# Questions on Decision Trees and Rules

### Question 1

Which of the following statements are correct regarding decision trees generated from categorical features?

A: In a tree with multi-way splits, the same feature may appear multiple times on a path from the root to a leaf

B: In a tree with binary splits, the same feature may appear multiple times on a path from the root to a leaf

C: A tree with multi-way splits will always contain more nodes than a tree with binary splits

Correct answer: B

Explanation: All instances that follow a path that contain an equality condition for a feature will have the same value for that feature, and hence splitting on that feature, will lead to that all instances fall into the same partition. (This will be the case even if some of the instances miss the feature value.)

## Question 2

Which of the following statements are correct regarding decision trees with binary splits generated from numerical features?

A: The same feature may appear multiple times on a path from the root to a leaf

B: Missing values must be imputed prior to generating the tree

C: Min-max normalization may have an effect on how the instances are partitioned 

Correct answer: A

Explanation: Instances with missing values may be distributed over the two child nodes following each split. Min-max normalization does not change the ordering of the instances and hence the number of possible splits and the resulting partitions stay the same.



## Question 3

Assume that trees with multi-way splits are considered and that we by mistake have included a unique keyword identifier as a feature in the dataset.


Which of the following statements are correct?

A Most likely, more informative features will be chosen for the splits 

B The feature will be evaluated as uninformative by Information gain

C The feature will be evaluated as uninformative by Gini index

D Laplace correction would not have an impact on whether the feature will be selected or not

Correct answer: None

Explanation: The relative frequency will be one for one of the classes and zero for the others, since there will be only one instance in each resulting child node. This leads to that both Information gain and Gini index will consider the split to be this most informative possible; there cannot be a better split according to the metrics. If the class probabilities are corrected by Laplace, the resulting probabilities will be 2/3 and 1/3, rather than 1/1 and 0/2 for binary classification tasks, leading to that the split will be far from perfect according to the metrics.

## Question 4

Assume that missing values are handled during generation and application of trees with binary splits.

Which of the following statements are correct?

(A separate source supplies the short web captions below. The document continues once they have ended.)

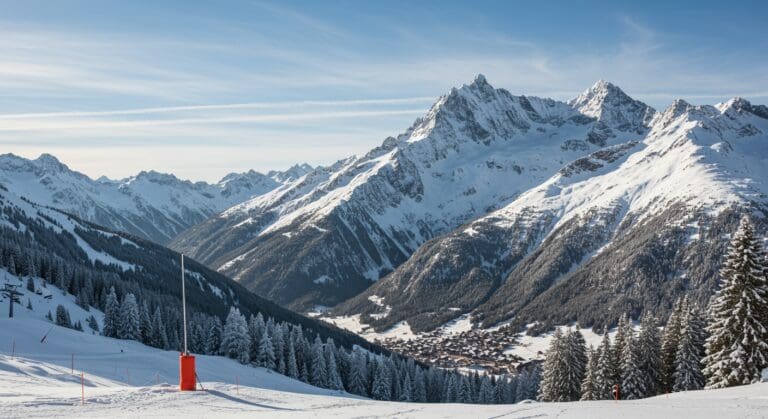 Tignes Travel Guide: Where to Stay, Eat & Explore in Luxury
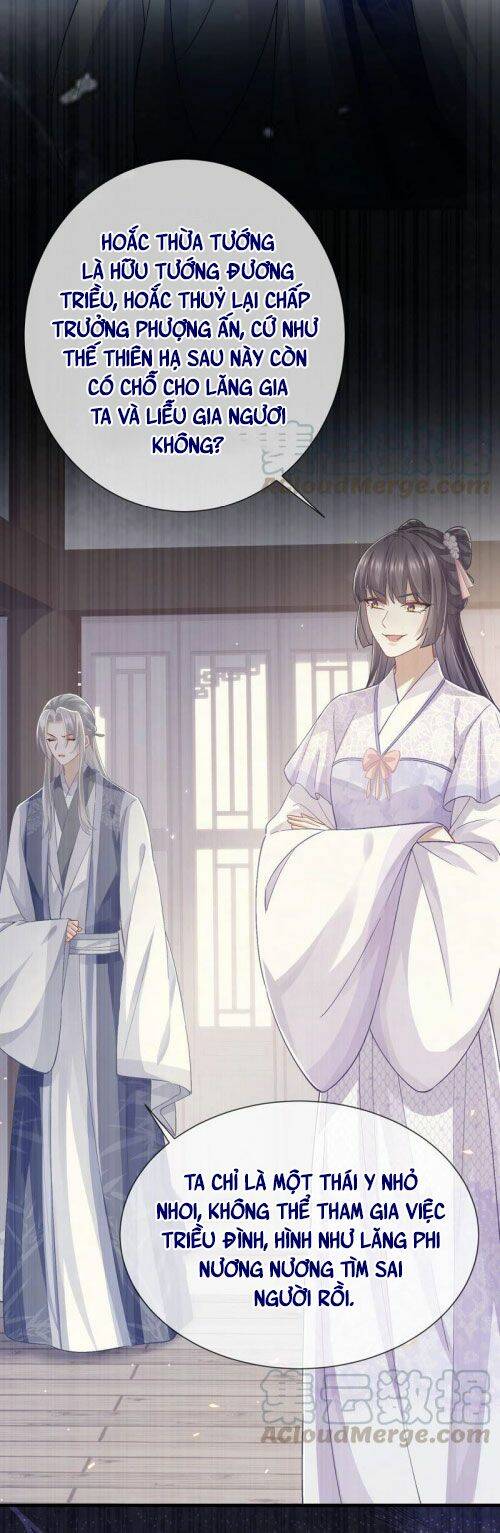 Xuyên Vào Trò Chơi Công Lược Boss Phản Diện: Chapter 44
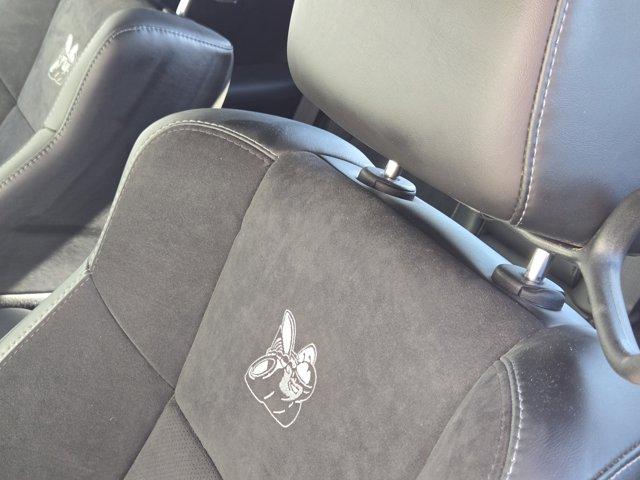 used 2023 Dodge Challenger car, priced at $56,500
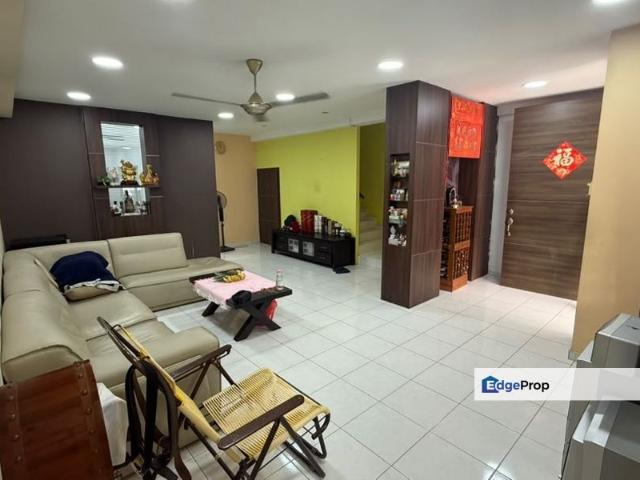 House for sale in Tebrau, Johor Bahru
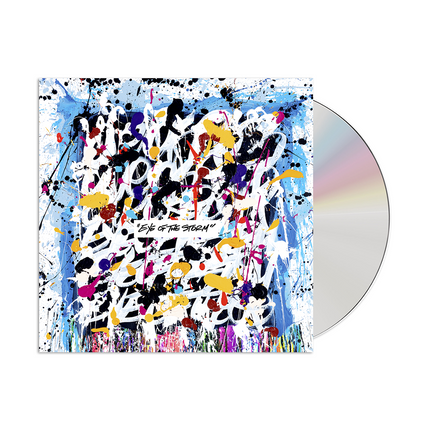 Eye of the Storm (CD)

A: For categorical features, missing values must not be treated like non-missing values

B: For numerical features, missing values must not be treated like non-missing values

C: For test instances, we need to impute values before applying the tree

D: If not imputing values before application, a test instance may follow a path for which the conditions are mutually exclusive

Correct answer: B

Explanation: A missing value may in principle be treated as a unique categorical value, allowing the (in)equality test to be well-defined. However, the corresponding test for numerical values cannot be defined for missing values in a reasonable way. We may distribute test instances with missing values over multiple nodes and aggregate the (multiple) leaf node predictions. The only way in which we can obtain a path with mutually exclusive conditions would be if we would allow the tree to be grown from empty partitions.

## Question 5

Which of the following statements are correct?

A: A strategy is needed to handle non-covered instances for decision lists

B: A strategy is needed to handle conflicting rules for decision lists

C: Rule sets are more compact than decision lists

D: A decision tree can be directly converted to both a rule set and a decision list

Correct answer: D

Explanation: Only the first rule in a decision list will be applied and the last rule will cover any instances not covered by previous rules. Rule sets contain rules for all classes and are hence typically less compact than decision lists. Each path in a decision tree defines a rule and all the paths can be put in a set of (non-overlapping) rules. We could equally well form a decision list by replacing all rules predicting a specific class with a default rule, which is placed at the end of the decision list.

## Question 6

In [4]:
from sklearn import tree

# Which of the following parameter settings may lead to a larger number of nodes 
# in the resulting tree compared to the default?

# A
dt = tree.DecisionTreeClassifier(max_depth=3)
# default=None -> np.inf

# B
dt = tree.DecisionTreeClassifier(min_samples_split=3)
# default=2

# C
dt = tree.DecisionTreeClassifier(min_samples_leaf=3)
# default=1

# D
dt = tree.DecisionTreeClassifier(max_features="log2")
# default=None -> n_features

Correct answers: C, D

Explanation: The first two options limit the depth of the tree in two different ways and hence cannot lead to an increased number of nodes (decisions regarding splits above the nodes that meet the termination conditions are not affected). The two last alternatives restrict what splits may be chosen, which may lead to that splits that would result in a more compact tree are left out.